Non fare quella faccia, il mio subconscio è serenamente in grado di creare giornate mondiali di qualcosa, ha fatto anche di peggio. Ti vedo diffidente oggi, che succede?
Seguimi piuttosto. Ti dicevo, ho tanta voglia di abbracciare i miei amici. Uno in particolare, il più cattivo di tutti. Sì, sto parlando di te, Fra. E ho pensato che un buon modo per superare questa voglia di abbracci fosse dichiararla apertamente. Dire “mi manchi, mi manca abbracciarti”. Bene, è successo un casino. Non è successo un vero casino, scusa, è successo un casino nella mia testa. Perché quell’amico orrendo a cui l’ho detto (sempre tu, Fra, beccati ‘sto dissing) prima mi ha dato della matta, poi mi ha spiegato con gentilezza che non posso inventarmi carenza di interazioni affettuose considerata la mia solida reputazione da persona algida e distaccata.
Ho cercato (e trovato il peggior) supporto in un altro amico orrendo - sei tu Edo, ciao! - e anche lui mi ha spiegato che non posso scoprirmi affettuosa dalla sera alla mattina e pensare di avere tutti allineati così senza preavviso.

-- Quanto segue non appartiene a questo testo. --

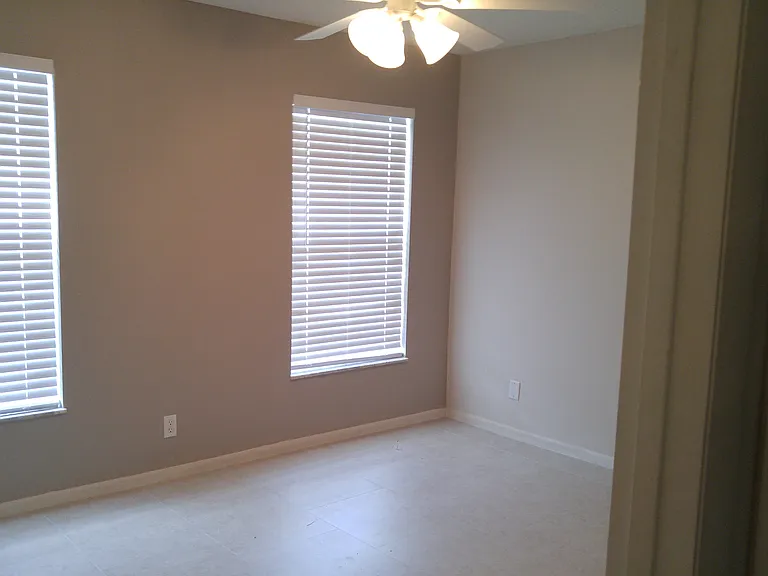 661 Marlboro Oval #B — Photo 13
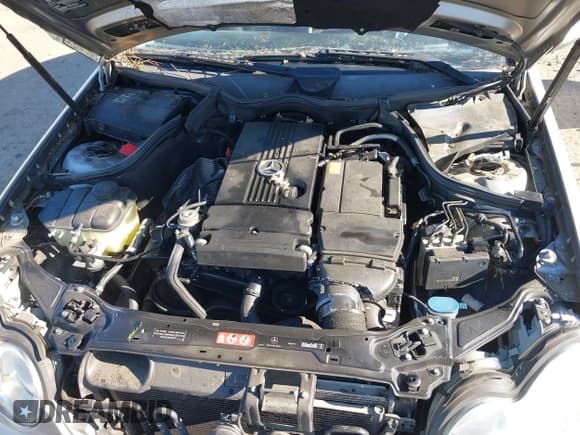 ✅ 2005 Mercedes-Benz C 230 Kompressor • VIN: WDBRF40J65F640304 • Lot: 41331344. Wystawiony na IAAI z przebiegiem 126 574 mil. Bezpłatny archiwum sprzedaży aukcyjnych z USA i szczegółowy raport historii pojazdu na DreamBid. Zdjęcie 10.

Qual è il punto? Che io sono convinta di essere una persona affettuosa. Ci credi? Ne sono proprio certa, al 100%, e invece all’improvviso no, scopro di essere una persona che non manifesta affetto. Adesso mi dirai che hanno ragione loro e che nessuno ha un giudizio di sé autentico e onesto. Sì, e infatti parliamo di questo, però ti giuro che i miei amici sono orrendi, quindi non ti fidare fino in fondo neanche di loro.
Il consiglio prezioso
Ju-on: Trova uno spazio su internet dove attaccare i tuoi amici senza possibilità di replica.
Riflettevo
Quindi a quanto pare non mi conosco. O meglio non ho idea di come mi vedano gli altri. Considera che trascorro molto del mio tempo ad analizzare cosa sento, come sono e come mi comporto. Lo sai, ne parlo con te ogni settimana. Ma non si esaurisce qui, giuro, ci investo tante altre energie. A quanto pare spese malissimo perché quella self-awareness, di cui si sente parlare in ogni angolo di internet e di cui ero convinta di poter fare sfoggio, è crollata per la voglia di un abbraccio.

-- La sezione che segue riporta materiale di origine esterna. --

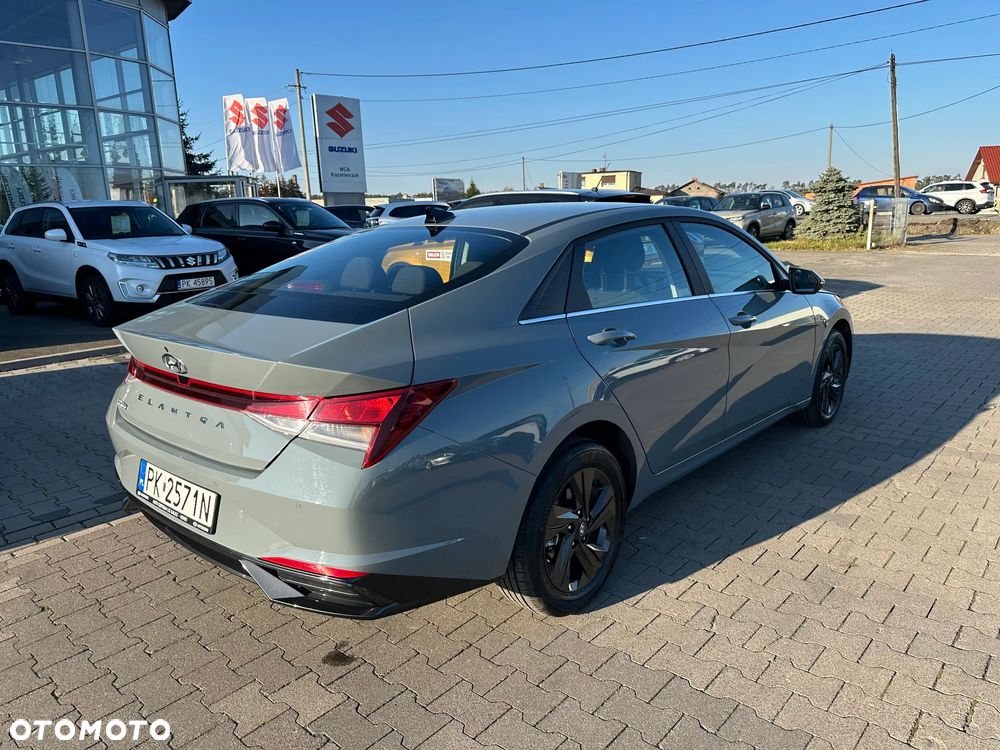 Hyundai Elantra 1.6 Modern CVT - 3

Ma che è ‘sta self-awareness?
Sembra si debba innanzitutto distinguere tra internal self-awareness ed external self-awareness. La prima rappresenta quanto chiaramente vediamo i nostri valori, le nostre passioni, le nostre reazioni, i nostri punti di forza e debolezza, i nostri sentimenti e il nostro impatto sugli altri. La seconda categoria si riferisce invece a come gli altri ci vedono, rispetto agli stessi fattori.
Chi ha una forte consapevolezza di sé interna dovrebbe ottenere una buona soddisfazione sociale e lavorativa, dovrebbe avere una sensazione di controllo ed essere più felice. Chi è più forte nella consapevolezza esterna dovrebbe invece essere più abile a mostrare empatia e assumere il punto di vista altrui.
Viene da pensare che le due capacità siano direttamente correlate e invece no, sono distinte e separate. E infatti, dalla combinazione delle due variabili, escono fuori 4 archetipi di leadership – sì, l’articolo è della Harvard Business Review quindi alla fine viene sempre ricondotto tutto al lavoro e alla leadership.
Per capire come ti collochi nella matrice puoi fare questo quiz insieme a qualcuno che ti conosce bene. Con i risultati (per me deludenti, ma a questo punto me l’aspettavo) ti arrivano anche dei suggerimenti per lavorare su te stesso.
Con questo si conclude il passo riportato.